On the same day that the first doses of Janssen arrived in Spain, the Johnson & Johnson vaccine against COVID-19 in which they had placed high hopes because it is a single-dose vaccine and with more logistical facilities (it does not need deep freezers) , came the jug of cold water: the United States, which had already administered almost seven million doses, asked to suspend its administration after detecting some cases of thrombi in that list of vaccinated. Six cases out of almost seven million. The pharmaceutical company itself suspended the administration worldwide.

It was expected since then, April 14, that the European Union would make a decision regarding this vaccine through the EMA (European Medicines Agency) to give the green light or not to its administration to European citizens. He just gave his verdict: recommends continuing to vaccinate with Janssen, so it is to be expected that the vaccination campaign that was planned with her will be resumed. In the case of Spain, the age group where it was planned to administer its first doses was between 70 and 79 years.

The suspension of the Janssen vaccine complicates the goal of group immunity in Spain for August, but even without it it would be feasible

The benefits far outweigh the risks

Despite the recommendation to continue with this vaccine, the EMA found a possible link between it and some very rare cases of blood clots with low blood platelets. As with AstraZeneca, they have determined that the benefits far outweigh the risks.

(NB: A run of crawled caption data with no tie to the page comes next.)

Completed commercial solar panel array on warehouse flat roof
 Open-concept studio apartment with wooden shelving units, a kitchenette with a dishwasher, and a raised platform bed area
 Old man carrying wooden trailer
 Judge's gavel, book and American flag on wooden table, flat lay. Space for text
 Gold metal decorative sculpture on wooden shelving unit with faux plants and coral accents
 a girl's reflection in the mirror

There is also the possibility that vaccination with it will be resumed, but in selected age groups. In the case of AstraZeneca in Spain, it was limited to those over 60 years of age, where the incidence of these thrombi was considerably lower than in the young people who received it, such as teachers or essential workers.

The nuance of Janssen’s link to cases of thrombi, despite the fact that they are very rare events, further contextualizes the decision of the European Commission not to renew the contracts with AstraZeneca and Janssen, the two viral vector vaccines. Pfizer and Moderna, based on messenger RNA, will be the main vaccines that European countries will buy by then, without losing sight of a Sputnik that has gone from raising suspicions to attracting potential buyers.

The Janssen vaccine, in the absence of Spain announcing its vaccination strategy and if it limits it to certain age groups, will most likely be added to the list of vaccines available for the campaign shortly, which after the ups and downs of AstraZeneca is already testing with combinations of doses from different manufacturers both to accelerate mass vaccination and to complete the regimen of those under 60 years of age who were administered the first dose of AstraZeneca.